To determine if LACP PDU are dropped
LACP PDU is a high priority traffic and hence should not expect LACP PDU to be dropped and the port-channel to go down because of input discards unless there is high priority VL 5 traffic is head-of-line-blocking from the congested port.

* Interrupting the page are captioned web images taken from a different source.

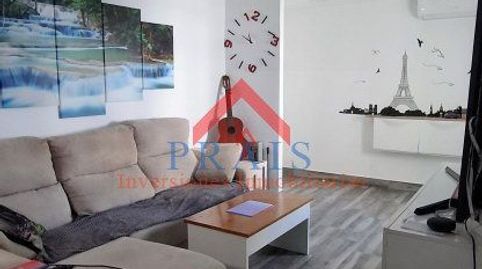Foto 2 de Piso en venta en Salesianos, Utrera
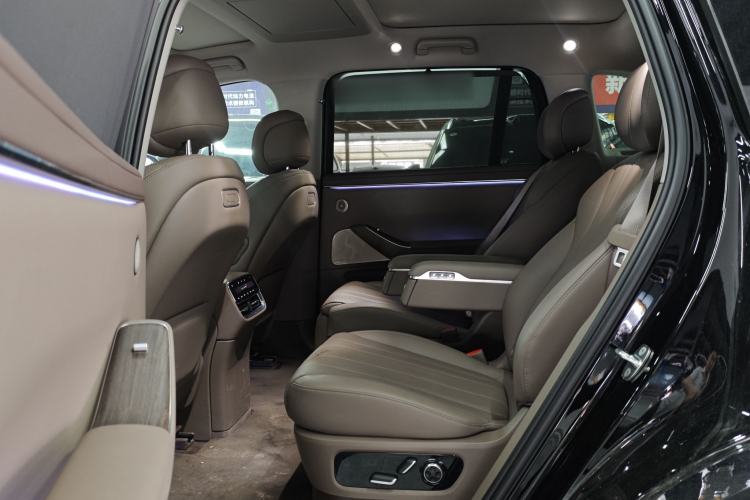 Used Hima AITO M7 2026 Model Range-Extending Ultra All-Wheel Drive 6-Seater Version Interior 3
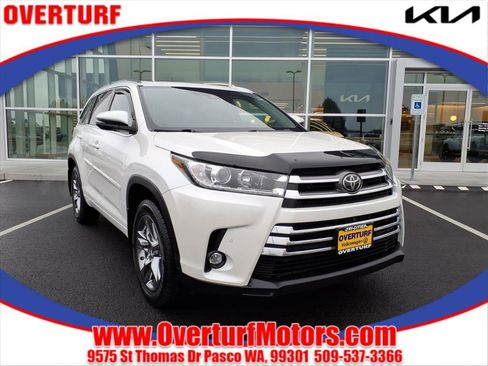 Used 2019 Toyota Highlander Limited Platinum image 1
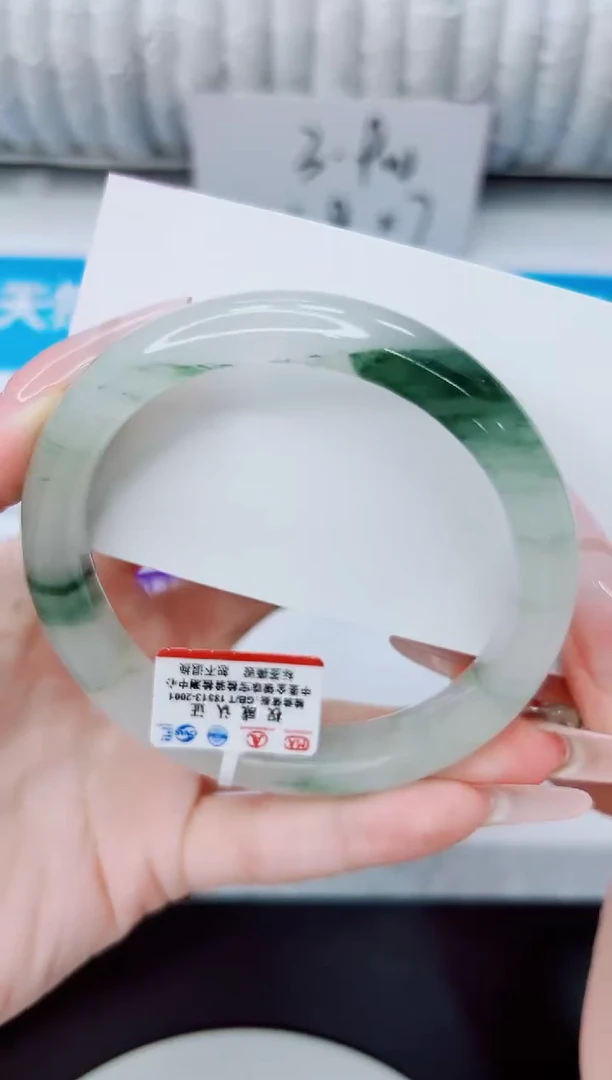 石英质玉手镯未镶嵌390/60.9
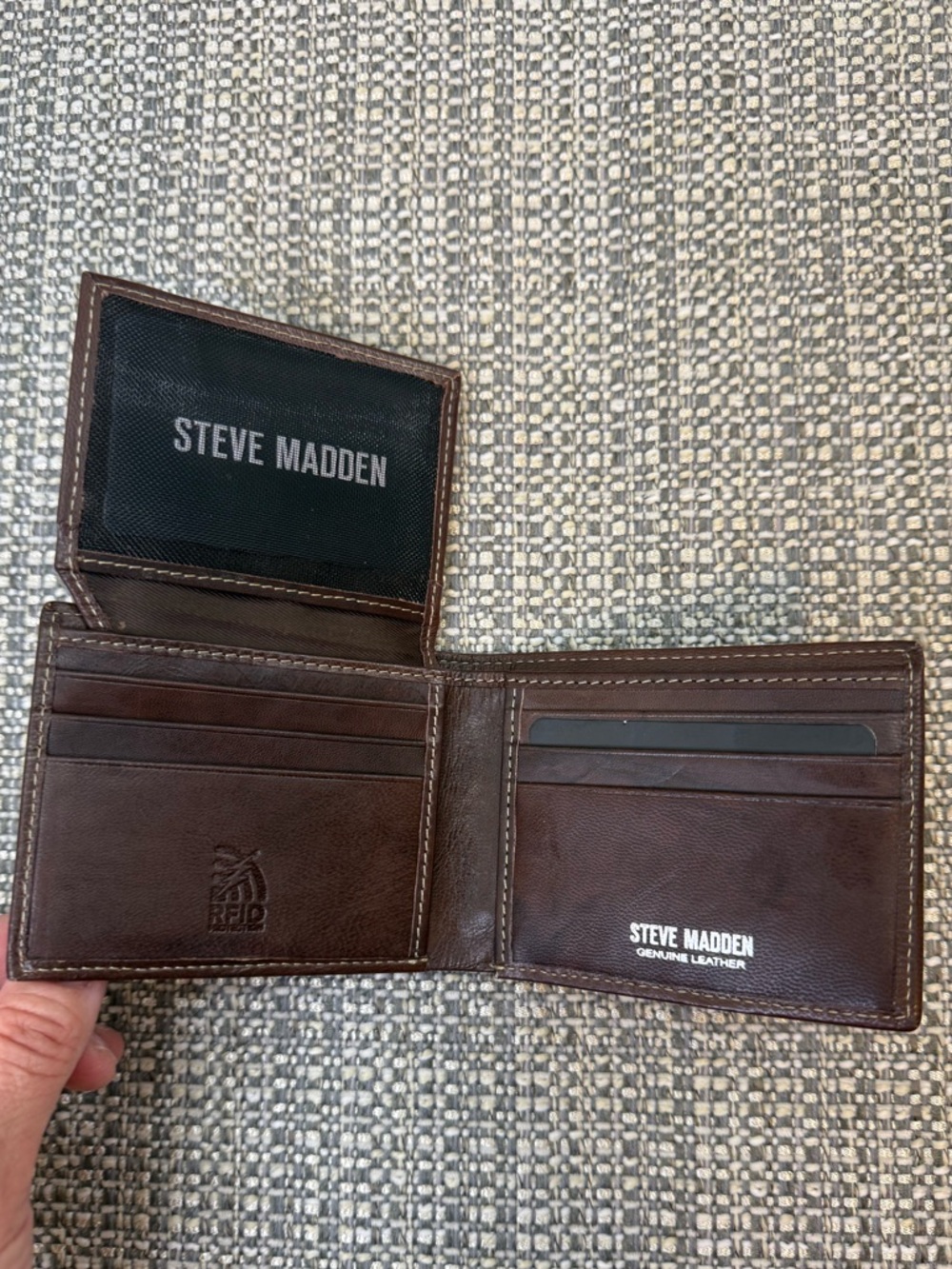 Steve Madden Brown Genuine Leather Passcase Wallet. RFID Protection. NWOT - Picture 3 of 8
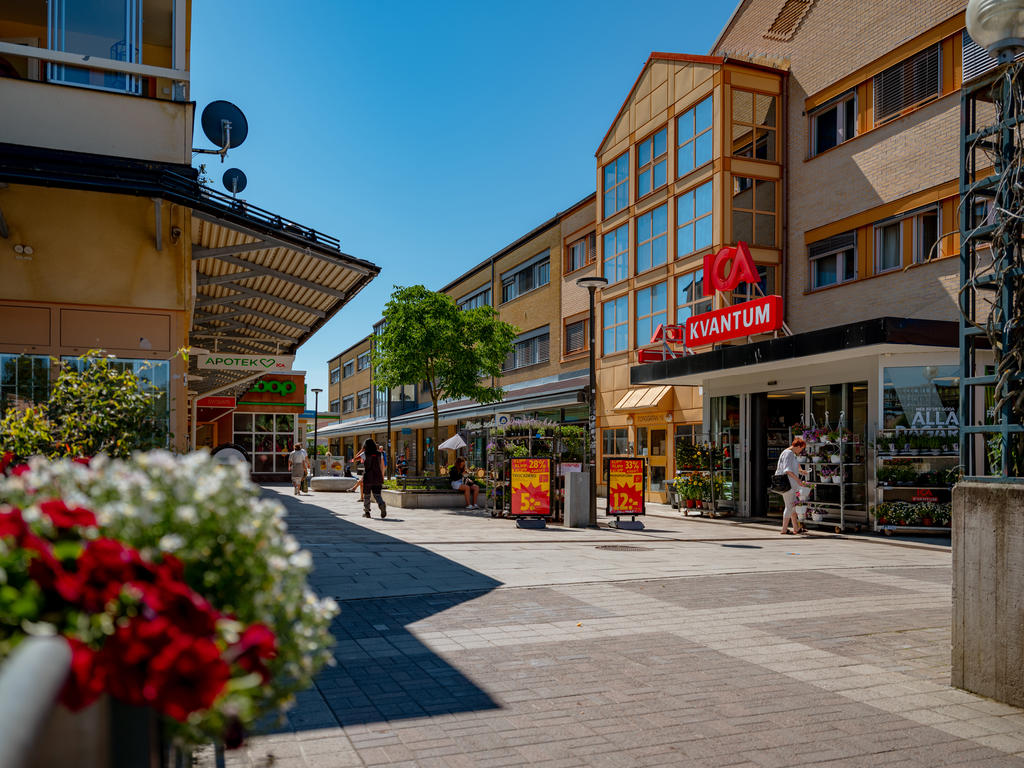 Vallentuna centrum med sitt breda utbud av caféer, restauranger, gym, detaljhandel och mycket mer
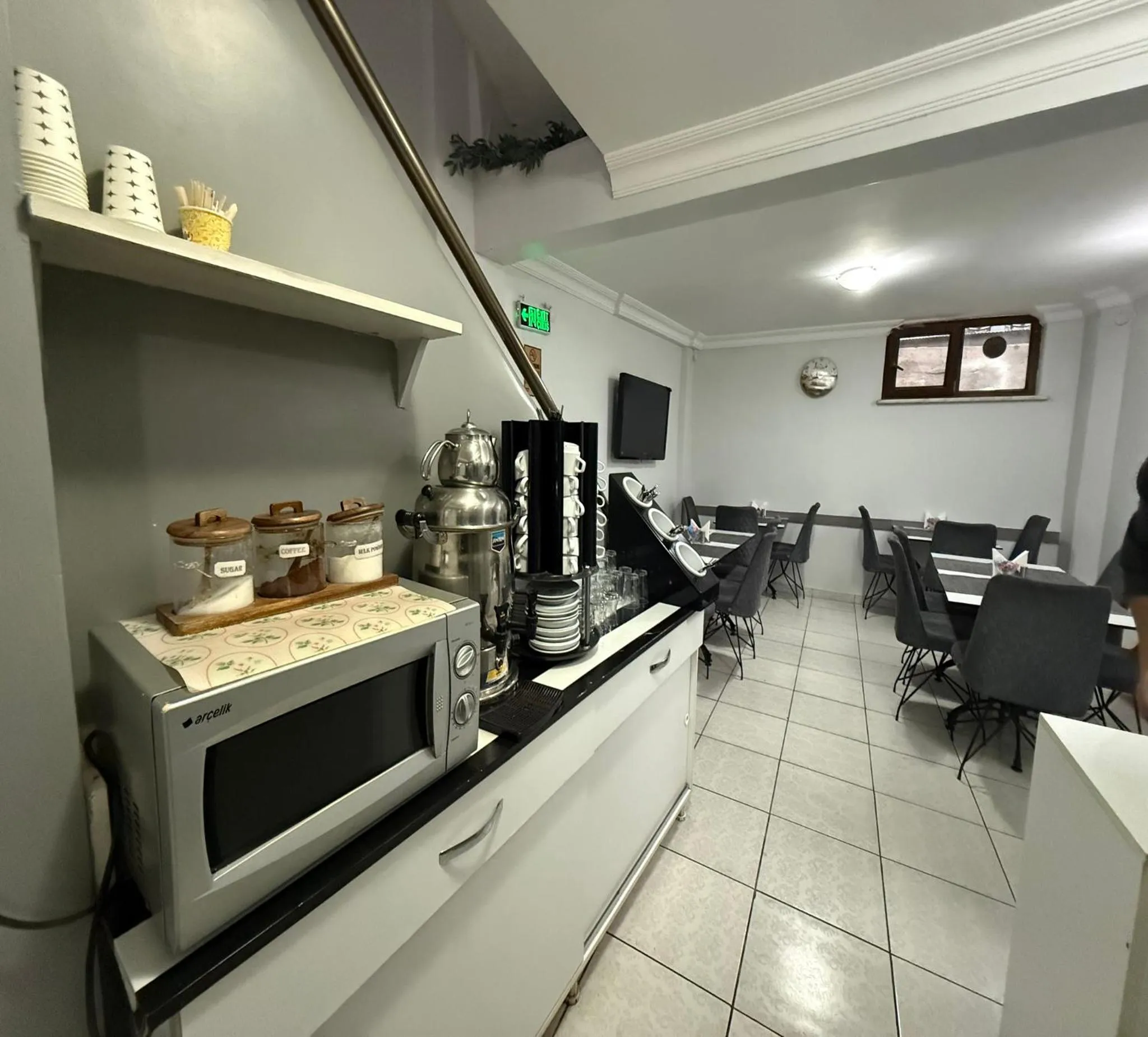 Restaurant/places to eat in Unique Suite Hotel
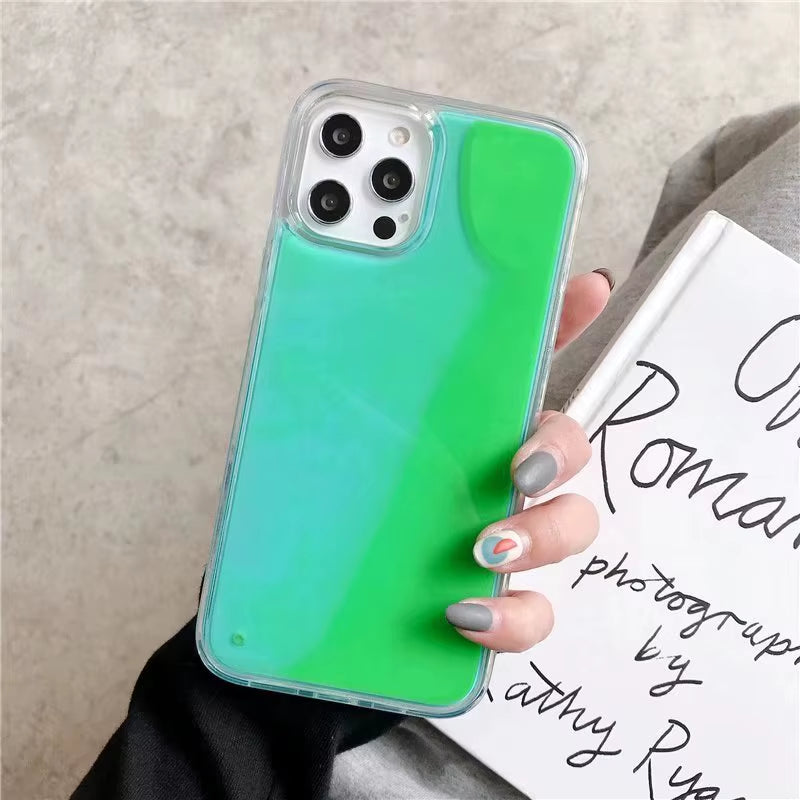 Elegant Luminous Quicksand Phone Case for iPhone 13, 14, 15, and 16 - Dynamic Flowing Glitter Design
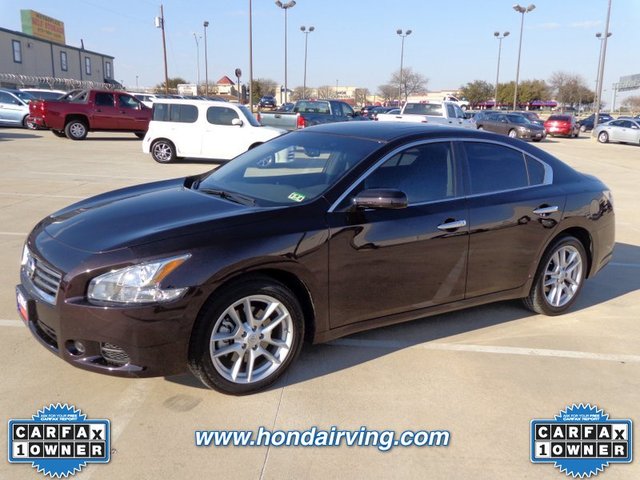 Nissan Maxima 2012 photo 1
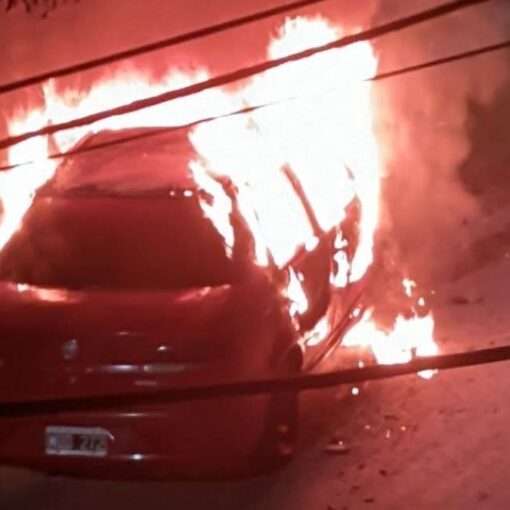 El fuego arrasó con el auto en Lomas de Zamora.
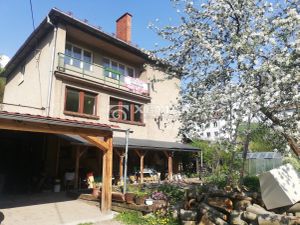 Na predaj 3 izbový byt , garáž, v Uľanke v obci Banská Bystrica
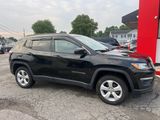 Used 2018 Jeep Compass Latitude w/ Cold Weather Group image 2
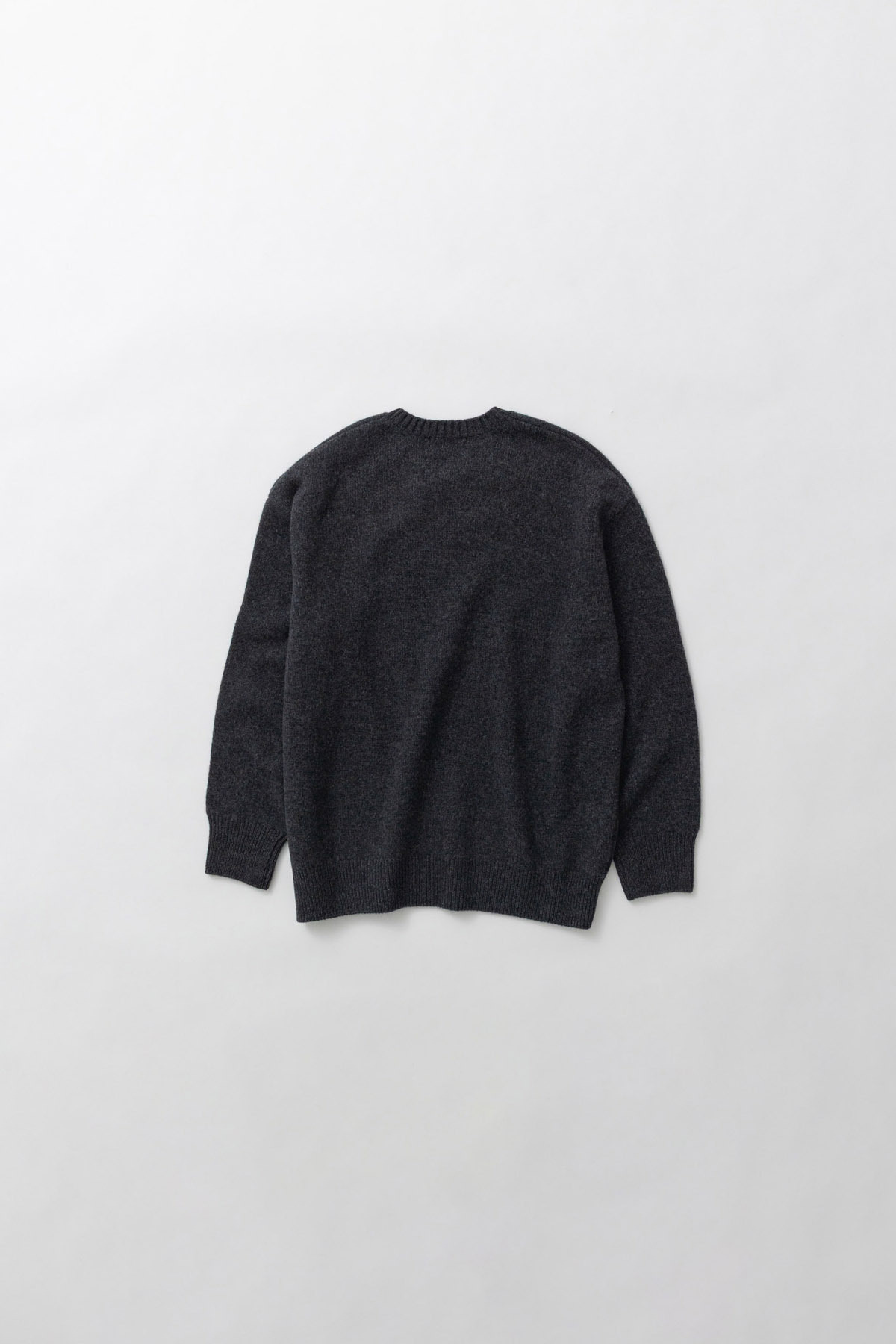 a20round20knit28charcoal29-cutout2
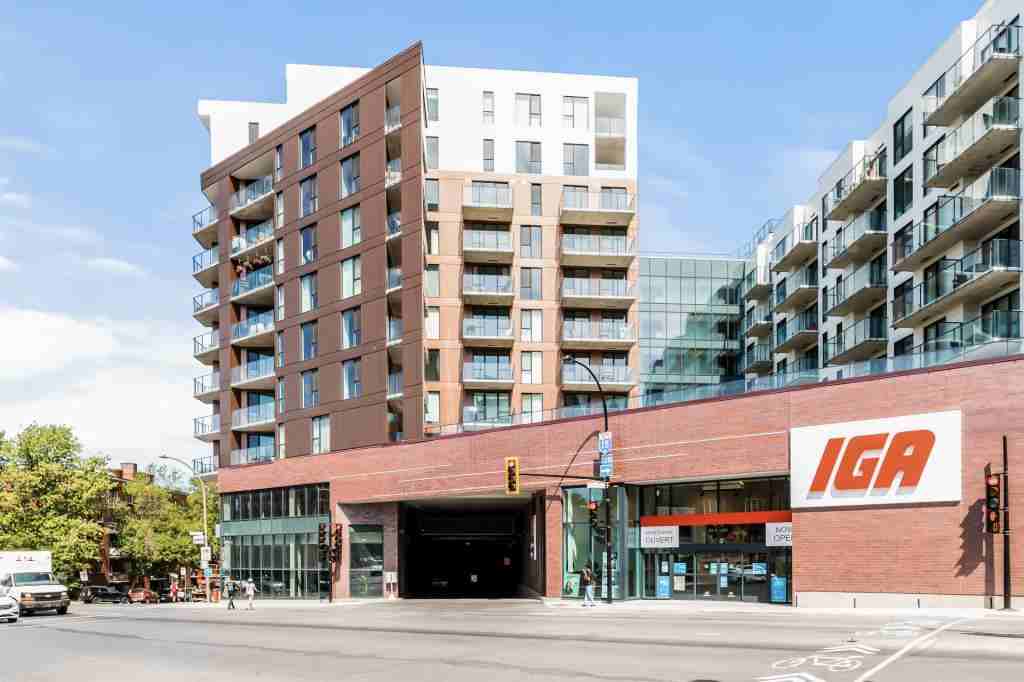 4599 Avenue Clanranald #420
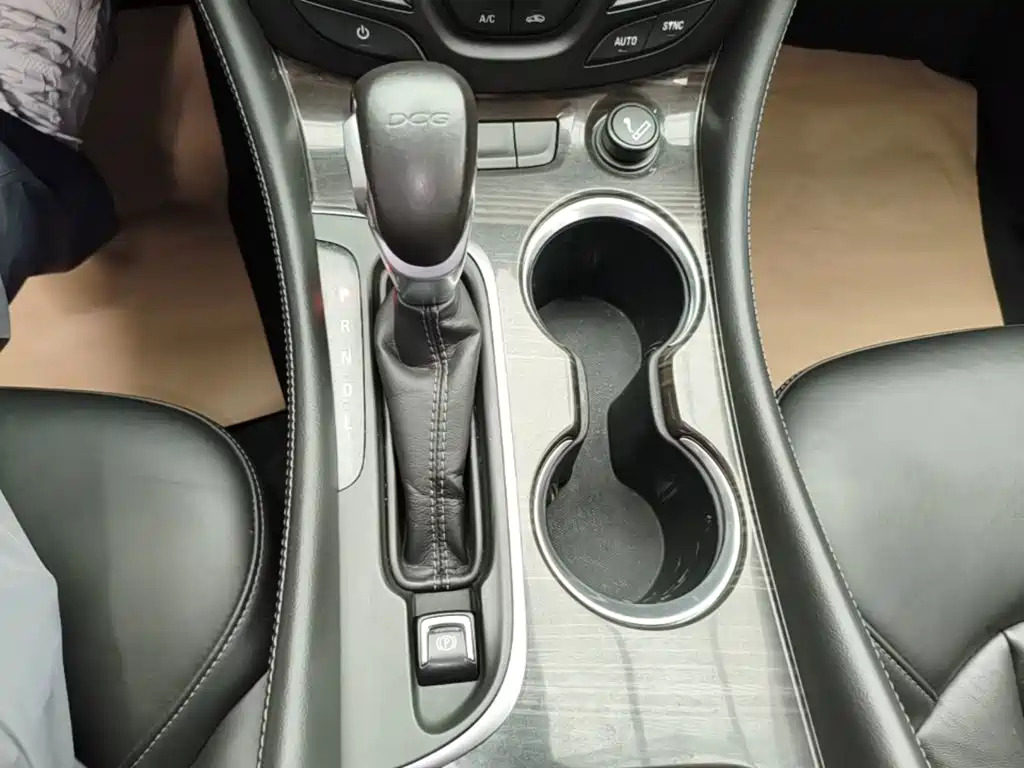 Buick Envision Plus 2019 — фото 14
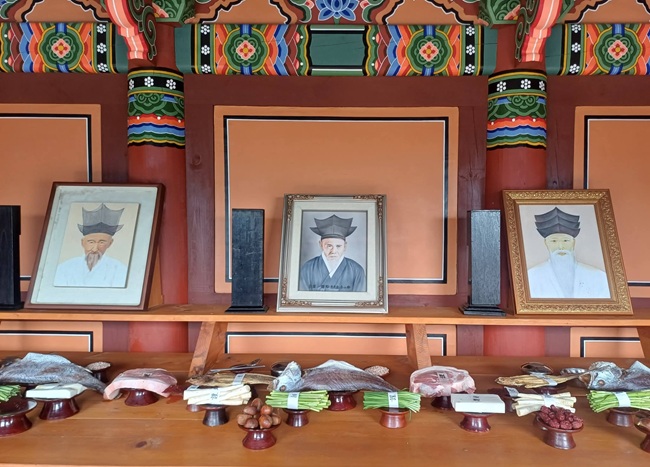 첨부파일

In order to confirm if high priority VL 5 traffic is getting dropped, run the command “show hardware queuing drops ingress” and this would show PL drops for VL 5 on the affected interface
switch# show hardware queuing drops ingress
slot 7
=======
Device: Flanker Queue
PL drops:
SOURCE INTERFACE VL COUNT
-------------------- ----- --------------------------
Eth7/1 5 24437734
Eth7/2 5 24289997
Eth7/3 5 24449567
Eth7/4 5 26084373
Eth7/5 5 27840523
Eth7/6 5 21043740
Confirms the VL 5 drops on the affected interface by running the command “show hardware internal errors” for the affected module
switch# show hardware internal errors
`show hardware internal errors`
|------------------------------------------------------------------------|
| Device:Flanker Eth Mac Driver Role:MAC Mod: 7 |
| Device Statistics Category :: ERROR
|------------------------------------------------------------------------|
5236 igr rx pl: cbl drops 0000000000069679 8 -
5282 egr in pl: total rcvd pkts with drop 0000000001951540 8 -
indication from eb
5321 egr out pl: total pkts dropped due to cbl 0000000000034829 8 -
5477 igr PL: bpdu drops(vl5) 0000000000004986 2 - <<<<<<<<<<<
5480 igr PL: nde drops(vl0) 0000000000098993 2 -
5485 igr PL: nde drops(vl5) 0000000002291236 2 - <<<<<<<<<<<
5496 igr PL: Q threshold drop bytecount (vl0) 0000000000344607 2 -
13453 [intr] IPL intr: parser truncated mlh error 0000000000002946 2 -
Notice the drop counters incrementing for the following
igr PL: bpdu drops(vl5)
igr PL: nde drops(vl5)
In order to fix the issue, make sure that there is no congestion and this can be done by increasing the bandwidth on the egress congested port or limiting the traffic to the congested port.
CSCvn97534 This bug causes Egress buffer lockup which would lead to input discards and port-channel flaps.